Always use soil that has good drainage properties, but also has water retention capabilities. We like to use a combination of coco coir (for water retention), perlite and vermiculite (for aeration and drainage of excess water) for indoor plant soil.
Plants that are stressed are more susceptible to diseases, like root rot.
A stressed plant is a weak plant, which means it is easier for root rot to set in and take over the root system.
Plants can be stressed by many factors, such as inappropriate lighting conditions, water stress, and changes in humidity and temperature. Even over feeding your plant can cause it to become stressed.
If you are unsure about the ideal care conditions for philodendrons, check out our care guides, including this interesting guide on one of our favorite philodendrons, the Philodendron Atom.
Frequently Asked Questions about Philodendron Root Rot
Can I save my philodendron with a brown base?
Unfortunately, when root rot reaches the base of the philodendron, it has progressed too far.
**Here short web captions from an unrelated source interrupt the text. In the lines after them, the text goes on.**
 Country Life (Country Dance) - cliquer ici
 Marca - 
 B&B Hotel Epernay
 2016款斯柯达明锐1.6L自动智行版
Brown coloration and mushiness of philodendron plants indicates the entire root system is infected. And the only way to save your plant is through propagation. Find and locate a healthy plant that has been unaffected, and follow the root rot treatments described earlier. It is important to treat the healthy roots with a fungicide solution to eliminate any possibility of the disease spreading to the new plants.
Can philodendron root rot reverse itself?
Root rot will not resolve itself without intervention. Unfortunately, this is not one of those diseases that you can bury your head in the sand, cross your fingers and hope for the best. Once root rot sets in, you need to jump into action immediately.
We recommend following our recovery steps above to give your philodendron the best chance of survival.